Tribunal Administratif de Strasbourg — Décision N° TA67-2500095

mardi 15 avril 2025

JuridictionTribunal Administratif de Strasbourg
SectionTribunal Administratif de Strasbourg
N° DossierTA67-2500095
TypeDécision
RecoursExcès de pouvoir
PublicationC
Formation5e chambre
Avocat requérantBERGMANN

Résumé IA

Le Tribunal Administratif de Strasbourg, statuant en formation collégiale, a rejeté la requête de M. B A, ressortissant bosnien, qui contestait un arrêté préfectoral du 16 décembre 2024 l'obligeant à quitter le territoire français sans délai, avec une interdiction de retour de deux ans. Le tribunal a jugé que la décision était légale, car M. A ne justifiait pas d'une entrée régulière en France et ne détenait pas de visa ou titre de séjour valide, conformément à l'article L.611-1 du code de l'entrée et du séjour des étrangers et du droit d'asile. Il a également estimé que son comportement, notamment la conduite en état alcoolique et le refus de se soumettre aux vérifications, constituait une menace pour l'ordre public, justifiant l'absence de délai de départ volontaire et l'interdiction de retour. Enfin, le tribunal a écarté les moyens tirés de la violation des articles 3 et 8 de la Convention européenne des droits de l'homme, ainsi que l'erreur d'appréciation invoquée.

Texte intégral

Vu la procédure suivante :

Par une requête, enregistrée le 6 janvier 2025, M. B A, représenté par Me Bergmann, doit être regardé comme demandant au tribunal d'annuler l'arrêté du 16 décembre 2024 par lequel le préfet du Haut-Rhin l'a obligé à quitter le territoire français sans délai de départ volontaire et lui a interdit le retour sur le territoire français pour une durée de deux ans.

Il soutient que :

- l'arrêté attaqué méconnaît les stipulations des articles 3 et 8 de la convention européenne de sauvegarde des droits de l'homme et des libertés fondamentales ;

- il est entaché d'une erreur d'appréciation dès lors que son comportement ne constitue pas une menace pour l'ordre public.
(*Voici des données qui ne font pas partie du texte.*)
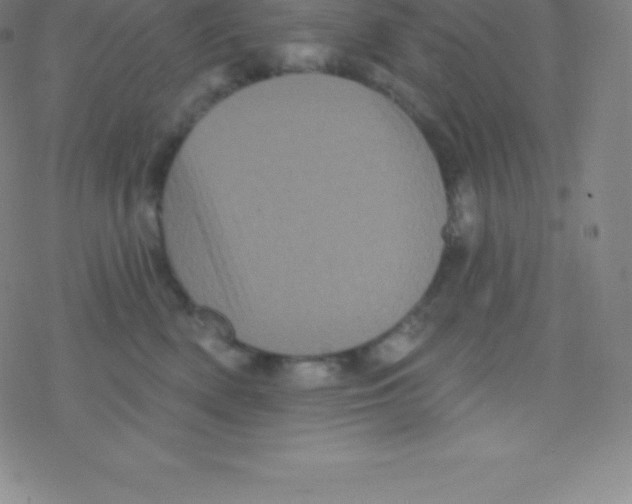 X0000077350522200611101617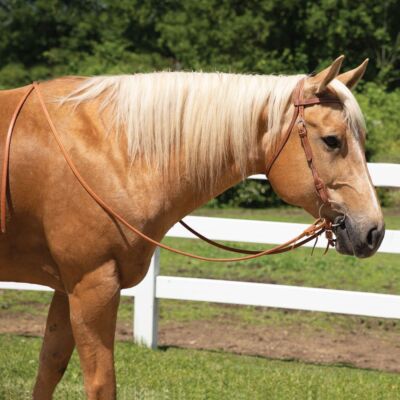 Billy Royal Harness Leather Quick Change Horse Bridle |  Handcrafted Leather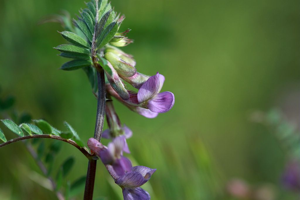 Vesce striée © Cédric Dentant - Parc national des Ecrins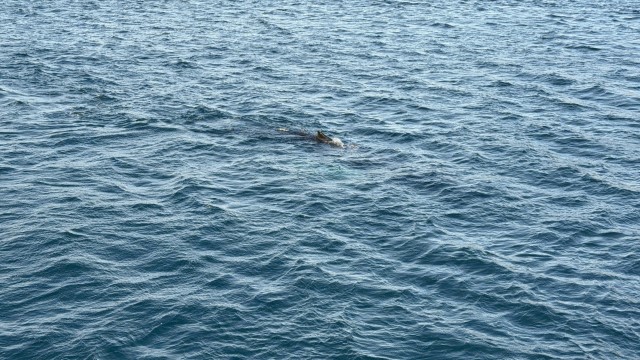 IMG 0273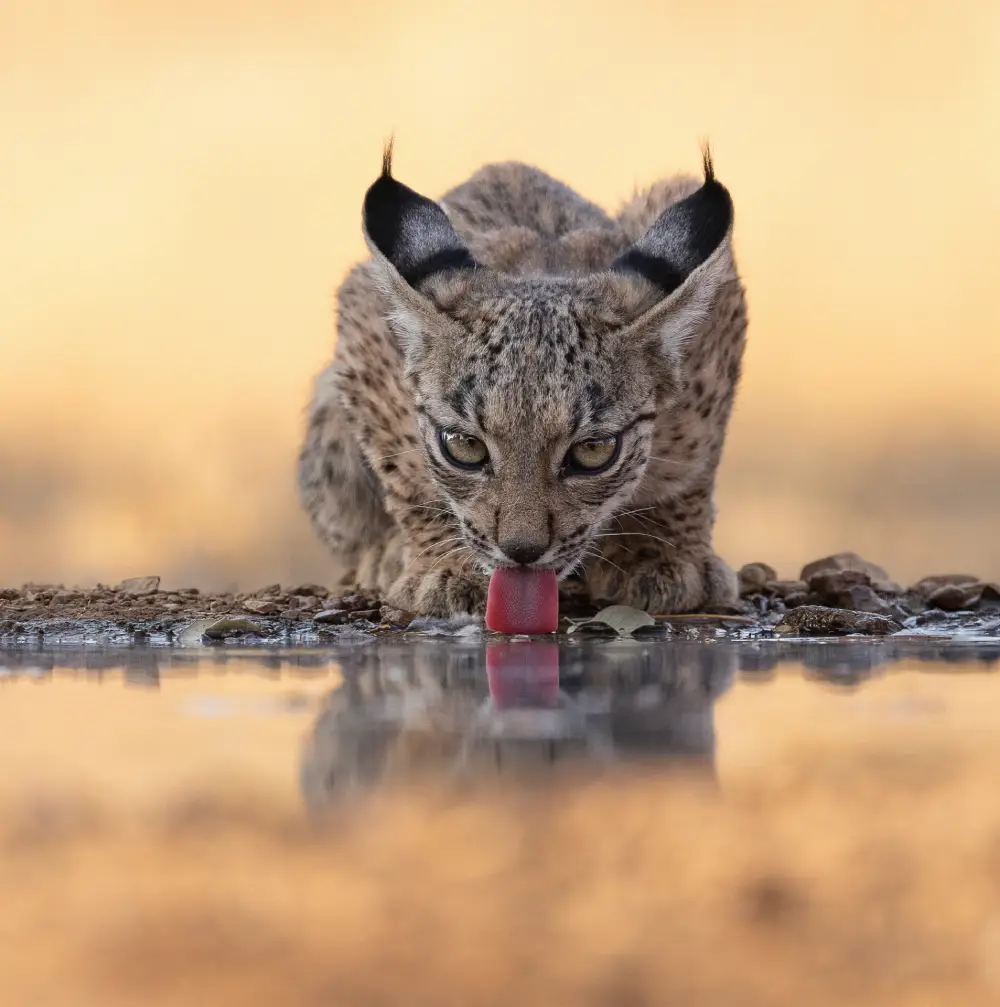 Pangolin Photo Challenge 2025 – Zita Quentin Iberian Lynx Kitten, by Zita Quentin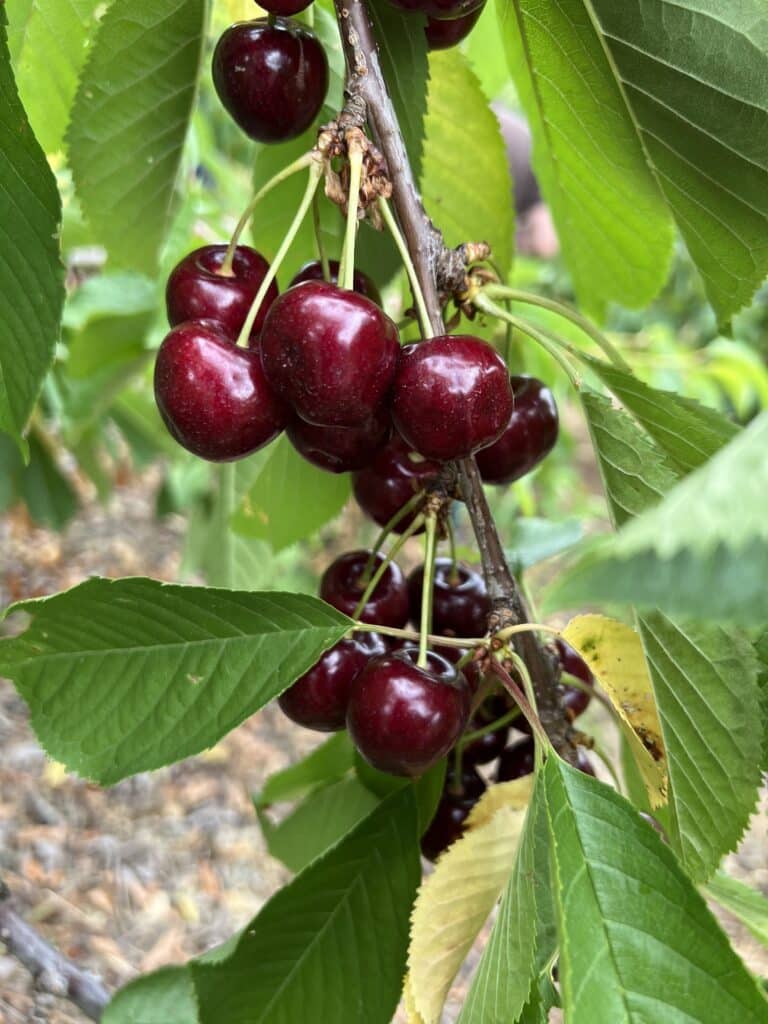 Cerises Terres Lyonnaises vergers Cerises en train de mûrir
Par un mémoire en défense, enregistré le 10 mars 2025, le préfet du Haut-Rhin conclut au rejet de la requête.

Il soutient que les moyens présentés par le requérant ne sont pas fondés.

L'instruction a été close trois jours francs avant la date d'audience, en application de l'article R.613-2 du code de justice administrative.

Vu les autres pièces du dossier.

Vu :

- la convention européenne de sauvegarde des droits de l'homme et des libertés fondamentales ;

- le règlement (UE) 2016/399 du Parlement européen et du Conseil du 9 mars 2016 ;

- le règlement (UE) 2018/1806 du Parlement européen et du Conseil du 14 novembre 2018 ;

- le code de l'entrée et du séjour des étrangers et du droit d'asile ;

- le code de justice administrative.

Le président de la formation de jugement a dispensé la rapporteure publique, sur sa proposition, de prononcer des conclusions à l'audience.

Les parties ont été régulièrement averties du jour de l'audience.

Le rapport de M. Carrier a été entendu au cours de l'audience publique.

Considérant ce qui suit :

1. M. A, ressortissant bosnien né en 1976, est entré en France à une date indéterminée. Le 16 décembre 2024, il a été interpellé et placé en garde à vue par les services de police de la ville de Mulhouse pour des faits de conduite sous l'empire d'un état alcoolique et refus de se soumettre aux vérifications de police. Par sa requête, M. A demande l'annulation de l'arrêté du 16 décembre 2024 par lequel le préfet du Haut-Rhin l'a obligé à quitter le territoire français sans délai de départ volontaire et lui a interdit le retour sur le territoire français pour une durée de deux ans.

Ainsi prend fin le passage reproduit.